▶ What you should do
Restate word for word the lines below that run from the one holding "Interoperability network model" through the one holding "Teren agricol extravilan", inclusive. Pictures don't belong in the copy.

▶ Task inputs
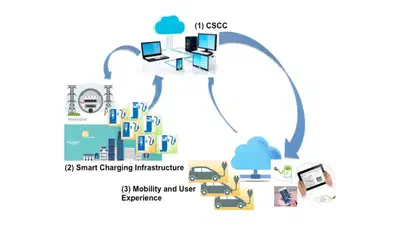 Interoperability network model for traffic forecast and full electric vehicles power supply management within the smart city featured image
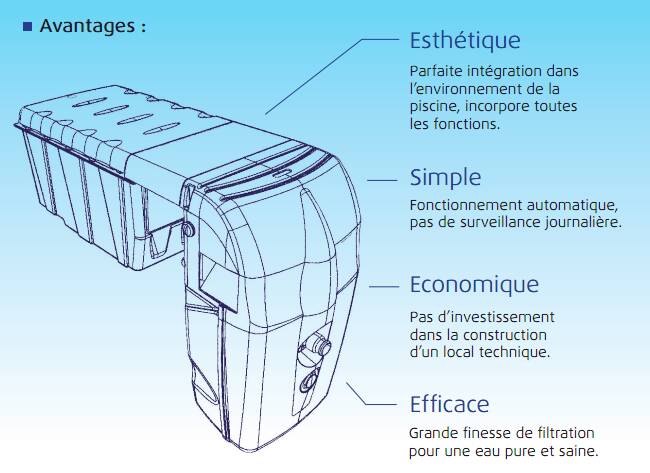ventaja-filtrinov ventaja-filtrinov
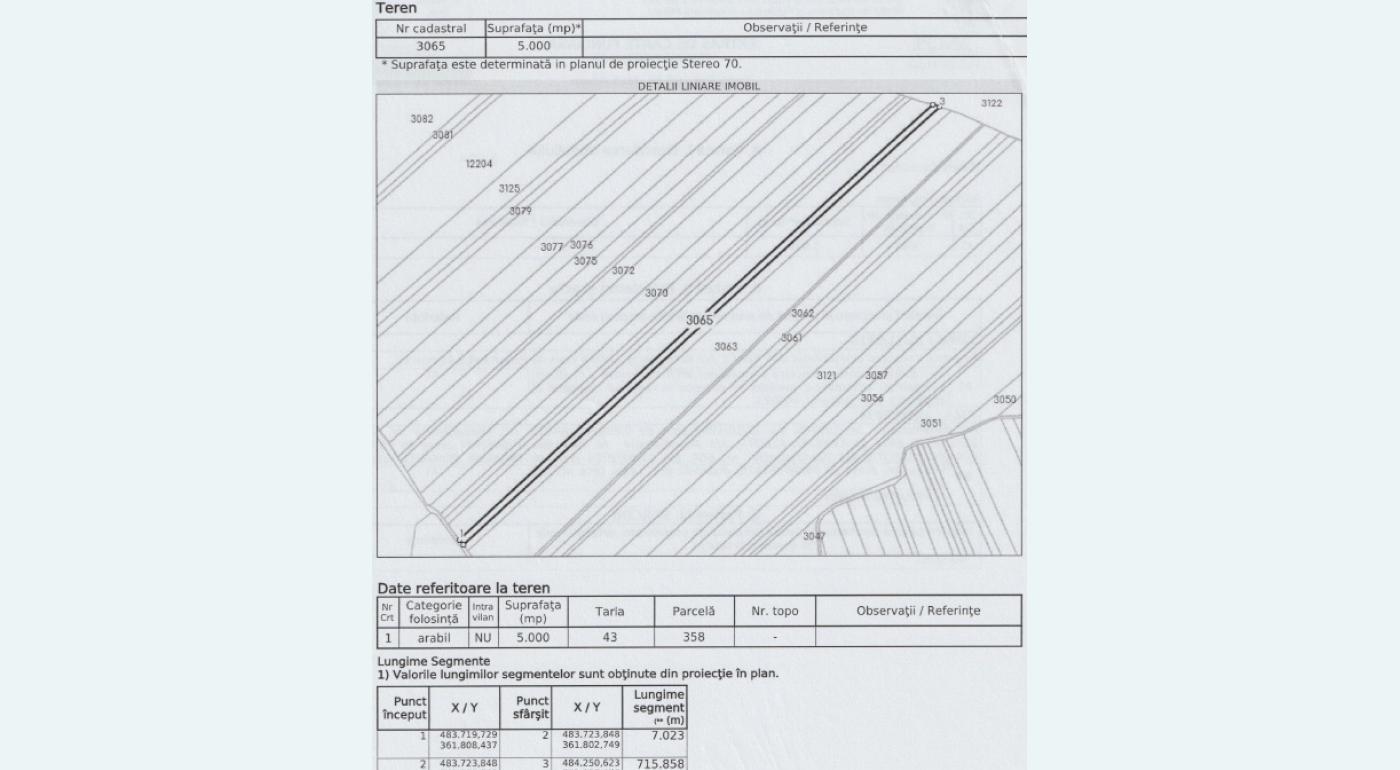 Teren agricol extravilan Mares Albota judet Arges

* * *

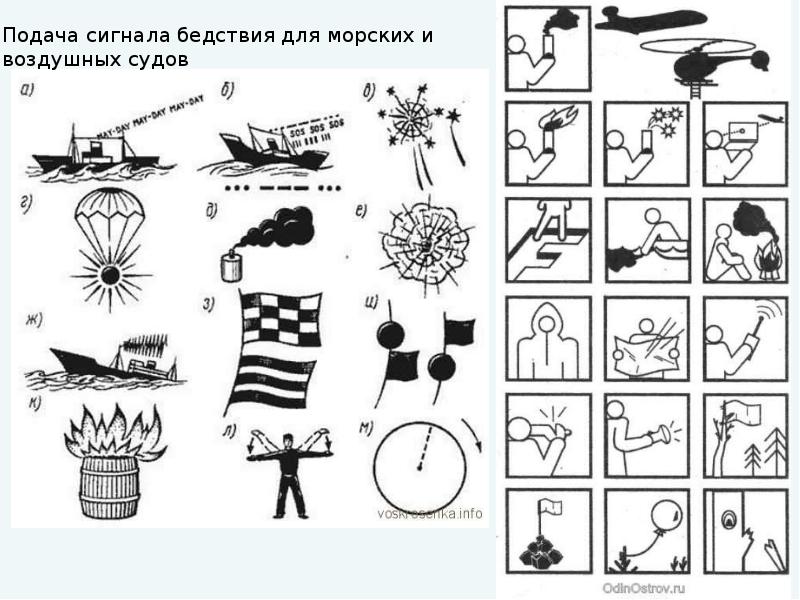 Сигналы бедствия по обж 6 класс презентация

▶ Reply to the task
 Interoperability network model for traffic forecast and full electric vehicles power supply management within the smart city featured image
ventaja-filtrinov ventaja-filtrinov
 Teren agricol extravilan Mares Albota judet Arges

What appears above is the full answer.